Il résulte du présent arrêt que chacune des parties échoue partiellement en ses prétentions, puisque le jugement est partiellement infirmé. Chaque partie supportera en conséquence la charge des dépens d'appel par elle engagés ; par ailleurs les frais de liquidation seront compris dans les dépens et supportés par chacune d'elles en proportion de leurs droits dans le partage.

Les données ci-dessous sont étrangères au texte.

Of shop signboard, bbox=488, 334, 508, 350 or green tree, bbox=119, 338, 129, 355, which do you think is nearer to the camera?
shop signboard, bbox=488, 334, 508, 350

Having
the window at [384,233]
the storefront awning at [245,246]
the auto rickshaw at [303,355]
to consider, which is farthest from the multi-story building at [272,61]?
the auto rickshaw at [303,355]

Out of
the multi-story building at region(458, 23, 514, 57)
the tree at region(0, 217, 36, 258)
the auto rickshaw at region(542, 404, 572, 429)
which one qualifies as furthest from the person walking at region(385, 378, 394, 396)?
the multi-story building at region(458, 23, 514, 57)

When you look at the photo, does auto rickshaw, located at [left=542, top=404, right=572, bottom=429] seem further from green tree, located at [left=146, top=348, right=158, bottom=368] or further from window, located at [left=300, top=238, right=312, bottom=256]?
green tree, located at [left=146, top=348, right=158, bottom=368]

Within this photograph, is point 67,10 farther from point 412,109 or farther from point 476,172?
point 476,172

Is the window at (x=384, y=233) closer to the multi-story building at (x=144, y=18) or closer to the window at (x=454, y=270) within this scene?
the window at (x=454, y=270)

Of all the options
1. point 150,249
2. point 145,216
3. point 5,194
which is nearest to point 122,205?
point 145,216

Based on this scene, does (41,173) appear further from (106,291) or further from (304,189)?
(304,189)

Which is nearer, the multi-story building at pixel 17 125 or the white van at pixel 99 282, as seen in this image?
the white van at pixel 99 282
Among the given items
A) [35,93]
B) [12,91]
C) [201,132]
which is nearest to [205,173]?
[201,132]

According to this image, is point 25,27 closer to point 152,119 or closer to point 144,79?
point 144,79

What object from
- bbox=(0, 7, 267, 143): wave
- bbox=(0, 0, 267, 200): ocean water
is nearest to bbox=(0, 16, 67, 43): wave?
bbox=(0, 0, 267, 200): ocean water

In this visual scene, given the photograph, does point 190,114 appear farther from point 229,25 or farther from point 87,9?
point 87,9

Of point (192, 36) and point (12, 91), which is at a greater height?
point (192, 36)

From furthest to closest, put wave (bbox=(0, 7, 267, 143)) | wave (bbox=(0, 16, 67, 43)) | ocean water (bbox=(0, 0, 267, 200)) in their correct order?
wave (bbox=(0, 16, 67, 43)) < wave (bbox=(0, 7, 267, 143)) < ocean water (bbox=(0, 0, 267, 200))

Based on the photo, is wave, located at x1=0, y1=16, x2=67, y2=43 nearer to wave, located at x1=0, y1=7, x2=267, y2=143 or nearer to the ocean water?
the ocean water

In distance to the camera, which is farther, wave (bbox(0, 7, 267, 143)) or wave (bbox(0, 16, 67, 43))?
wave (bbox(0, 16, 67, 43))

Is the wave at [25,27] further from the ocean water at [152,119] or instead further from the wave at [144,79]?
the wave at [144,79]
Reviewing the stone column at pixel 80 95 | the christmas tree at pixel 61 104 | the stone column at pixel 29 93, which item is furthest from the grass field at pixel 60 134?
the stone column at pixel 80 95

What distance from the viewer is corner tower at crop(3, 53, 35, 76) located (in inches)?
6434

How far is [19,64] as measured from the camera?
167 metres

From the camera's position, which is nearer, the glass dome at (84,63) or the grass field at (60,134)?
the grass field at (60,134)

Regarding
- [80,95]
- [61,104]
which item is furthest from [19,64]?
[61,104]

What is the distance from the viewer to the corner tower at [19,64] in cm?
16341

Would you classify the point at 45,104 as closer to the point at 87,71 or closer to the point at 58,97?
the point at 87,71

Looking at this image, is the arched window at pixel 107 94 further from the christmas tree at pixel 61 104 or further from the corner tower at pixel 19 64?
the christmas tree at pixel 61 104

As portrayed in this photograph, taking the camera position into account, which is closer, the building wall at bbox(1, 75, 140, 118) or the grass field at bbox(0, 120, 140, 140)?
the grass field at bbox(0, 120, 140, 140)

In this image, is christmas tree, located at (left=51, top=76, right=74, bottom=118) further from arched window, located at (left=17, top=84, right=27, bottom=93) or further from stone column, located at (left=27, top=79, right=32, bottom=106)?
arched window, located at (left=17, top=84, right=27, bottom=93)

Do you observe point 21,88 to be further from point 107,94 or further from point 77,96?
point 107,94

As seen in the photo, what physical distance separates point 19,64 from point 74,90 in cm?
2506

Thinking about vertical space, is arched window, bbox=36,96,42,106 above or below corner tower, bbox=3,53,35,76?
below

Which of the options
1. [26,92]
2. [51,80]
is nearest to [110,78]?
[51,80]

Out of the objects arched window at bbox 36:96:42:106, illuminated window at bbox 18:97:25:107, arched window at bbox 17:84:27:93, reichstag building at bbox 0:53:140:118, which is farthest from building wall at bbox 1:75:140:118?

En application de l'article 700 du code de procédure civile, le juge condamne la partie tenue aux dépens ou qui perd son procès à payer à l'autre partie la somme qu'il détermine au titre des frais exposés et non compris dans les dépens ; le juge tient compte de l'équité ou de la situation économique de la partie condamnée ; il peut même d'office, pour des raisons tirées des mêmes considérations dire qu'il n'y a pas lieu à condamnation.

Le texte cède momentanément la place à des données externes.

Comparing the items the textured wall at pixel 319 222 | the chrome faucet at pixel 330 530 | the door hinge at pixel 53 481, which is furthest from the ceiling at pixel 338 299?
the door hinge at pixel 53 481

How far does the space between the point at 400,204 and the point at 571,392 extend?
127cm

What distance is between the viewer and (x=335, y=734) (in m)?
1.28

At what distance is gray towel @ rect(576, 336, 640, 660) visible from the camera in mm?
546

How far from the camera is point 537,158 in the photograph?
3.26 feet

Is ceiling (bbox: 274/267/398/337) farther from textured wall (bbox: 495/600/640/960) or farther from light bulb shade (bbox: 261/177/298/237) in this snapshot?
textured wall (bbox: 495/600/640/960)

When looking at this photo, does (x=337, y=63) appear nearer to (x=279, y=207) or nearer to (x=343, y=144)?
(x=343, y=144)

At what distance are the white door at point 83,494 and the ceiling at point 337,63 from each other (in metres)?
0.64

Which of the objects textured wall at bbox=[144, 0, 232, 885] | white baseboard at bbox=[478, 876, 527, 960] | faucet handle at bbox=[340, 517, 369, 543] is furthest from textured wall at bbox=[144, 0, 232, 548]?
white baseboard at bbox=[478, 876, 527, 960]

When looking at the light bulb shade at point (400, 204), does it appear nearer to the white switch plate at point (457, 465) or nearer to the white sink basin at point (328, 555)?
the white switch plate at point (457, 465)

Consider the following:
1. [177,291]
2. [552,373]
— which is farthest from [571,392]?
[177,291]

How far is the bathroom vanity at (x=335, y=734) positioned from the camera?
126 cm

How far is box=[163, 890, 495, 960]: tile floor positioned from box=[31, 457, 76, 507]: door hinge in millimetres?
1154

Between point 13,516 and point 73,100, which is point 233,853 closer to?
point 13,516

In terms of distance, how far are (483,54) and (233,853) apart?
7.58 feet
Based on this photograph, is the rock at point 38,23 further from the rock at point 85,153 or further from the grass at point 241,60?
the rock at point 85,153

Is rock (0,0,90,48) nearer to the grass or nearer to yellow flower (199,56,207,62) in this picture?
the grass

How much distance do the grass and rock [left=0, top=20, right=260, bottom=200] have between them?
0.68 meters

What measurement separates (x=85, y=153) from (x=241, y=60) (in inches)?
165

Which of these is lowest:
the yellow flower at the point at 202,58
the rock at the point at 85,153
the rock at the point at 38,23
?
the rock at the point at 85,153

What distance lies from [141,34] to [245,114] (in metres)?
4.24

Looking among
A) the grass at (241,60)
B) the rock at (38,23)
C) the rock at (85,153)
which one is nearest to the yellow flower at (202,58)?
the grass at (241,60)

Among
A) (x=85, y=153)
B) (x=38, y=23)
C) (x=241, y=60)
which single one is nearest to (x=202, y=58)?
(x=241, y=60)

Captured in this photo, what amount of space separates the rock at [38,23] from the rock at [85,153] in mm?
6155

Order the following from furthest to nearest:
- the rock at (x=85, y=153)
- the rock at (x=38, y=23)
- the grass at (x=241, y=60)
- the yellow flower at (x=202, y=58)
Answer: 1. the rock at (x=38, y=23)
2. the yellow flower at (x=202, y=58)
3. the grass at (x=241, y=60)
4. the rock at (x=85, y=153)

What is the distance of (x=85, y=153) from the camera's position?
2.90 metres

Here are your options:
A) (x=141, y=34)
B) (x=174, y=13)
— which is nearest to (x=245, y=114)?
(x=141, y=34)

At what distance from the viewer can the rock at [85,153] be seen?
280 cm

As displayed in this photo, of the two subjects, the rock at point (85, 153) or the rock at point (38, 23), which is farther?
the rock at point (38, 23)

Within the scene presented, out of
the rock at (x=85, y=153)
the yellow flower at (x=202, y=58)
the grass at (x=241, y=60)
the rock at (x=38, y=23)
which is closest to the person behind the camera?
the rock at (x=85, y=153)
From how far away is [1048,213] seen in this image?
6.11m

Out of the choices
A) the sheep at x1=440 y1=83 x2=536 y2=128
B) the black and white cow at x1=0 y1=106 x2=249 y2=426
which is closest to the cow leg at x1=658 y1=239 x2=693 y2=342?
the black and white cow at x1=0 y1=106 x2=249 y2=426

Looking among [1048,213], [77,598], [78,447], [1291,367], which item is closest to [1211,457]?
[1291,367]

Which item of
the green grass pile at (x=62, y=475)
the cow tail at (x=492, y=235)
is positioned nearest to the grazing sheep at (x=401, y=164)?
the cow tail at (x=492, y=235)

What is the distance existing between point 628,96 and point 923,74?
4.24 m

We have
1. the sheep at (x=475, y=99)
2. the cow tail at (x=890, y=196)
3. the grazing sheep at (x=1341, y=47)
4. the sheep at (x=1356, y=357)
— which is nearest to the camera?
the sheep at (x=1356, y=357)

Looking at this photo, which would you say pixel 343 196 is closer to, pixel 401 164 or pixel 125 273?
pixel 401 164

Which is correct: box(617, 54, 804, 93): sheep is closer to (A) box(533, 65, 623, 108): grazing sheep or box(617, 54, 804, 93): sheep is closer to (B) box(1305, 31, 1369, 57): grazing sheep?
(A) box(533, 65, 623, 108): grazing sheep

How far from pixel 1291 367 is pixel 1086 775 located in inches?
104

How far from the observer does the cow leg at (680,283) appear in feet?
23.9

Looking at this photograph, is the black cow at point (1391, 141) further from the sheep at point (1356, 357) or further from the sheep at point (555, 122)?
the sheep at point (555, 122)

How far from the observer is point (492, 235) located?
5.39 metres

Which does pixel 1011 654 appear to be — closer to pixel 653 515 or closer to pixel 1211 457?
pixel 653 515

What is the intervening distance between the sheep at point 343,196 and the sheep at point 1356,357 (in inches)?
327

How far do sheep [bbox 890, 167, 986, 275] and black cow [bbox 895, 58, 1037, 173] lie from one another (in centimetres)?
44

Eu égard à cette répartition des dépens et compte tenu de l'équité, il n'y pas lieu de faire au profit de l'une ou de l'autre droit à leur demande au titre de l'article 700 du code de procédure civile. Elles se voient en conséquence déboutées de leurs demandes à ce titre.
PAR CES MOTIFS :
La cour,
Infirme le jugement rendu par le Tribunal judiciaire d'Auxerre le 7 février 2022, en ce qu'il a :
- débouté Mmes [I] et [N] [L] de leur demande d'ordonner l'ouverture des opérations de comptes liquidation et partage de la succession de [A] [L] ;
Statuant de nouveau :
-ordonne l'ouverture des opérations de comptes liquidation et partage de la succession de [A] [L] ;
-désigne à cet effet Me [D] [X], notaire, [Adresse 13] ;
-commet tout juge de la chambre civile du tribunal judiciaire d'Auxerre à l'effet de surveiller les opérations de partage ;
Confirme le jugement entrepris en tous ses autres chefs dévolus à la cour ;
Déboute les parties de leurs demandes respectives au titre de l'article 700 du code de procédure civile ;
Dit que les dépens du présent appel seront employés en frais privilégiés de partage et supportés par chacune des parties à proportion de ses droits dans le partage à intervenir.